[YOUR ASSIGNMENT] Nothing but the lines from the one with "First, mix the" through the end of the listing should be reproduced, each exactly and with pictures omitted.

[PROVIDED DATA]
++++++++

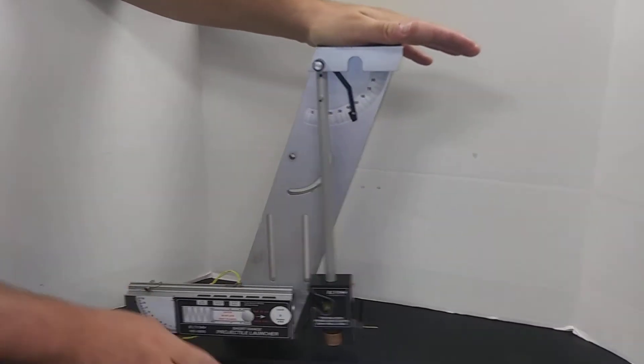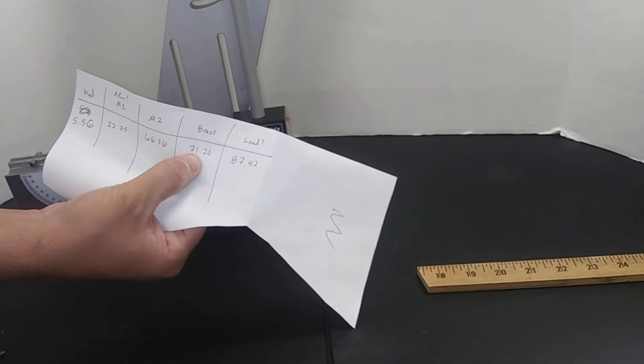We can record the max angle. And just before I forget, this had a mass of 71.20 grams — the brass one.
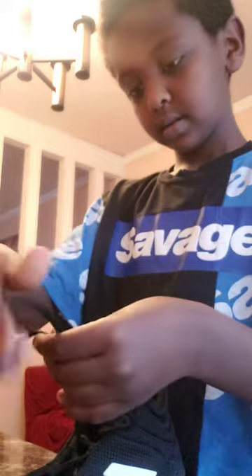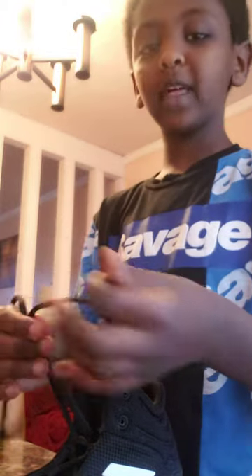And then you make another X, but you're gonna put the line like this.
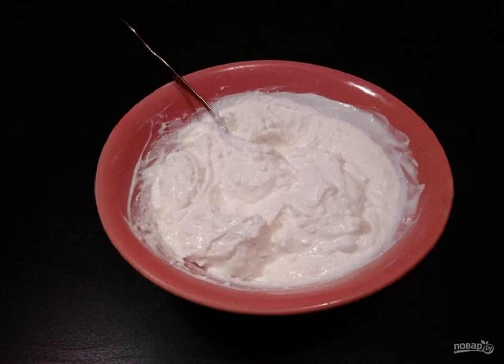First, mix the cottage cheese with sour cream. You can beat it with a blender.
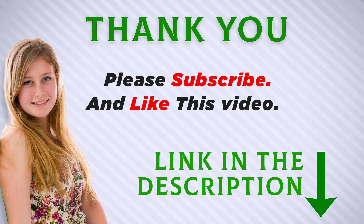I included the product link in the description — check it out for more information and the latest price. Thank you for watching, and make sure to subscribe so you don't miss out on future videos.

++++++++

[COMPLETED TASK]
First, mix the cottage cheese with sour cream. You can beat it with a blender.
I included the product link in the description — check it out for more information and the latest price. Thank you for watching, and make sure to subscribe so you don't miss out on future videos.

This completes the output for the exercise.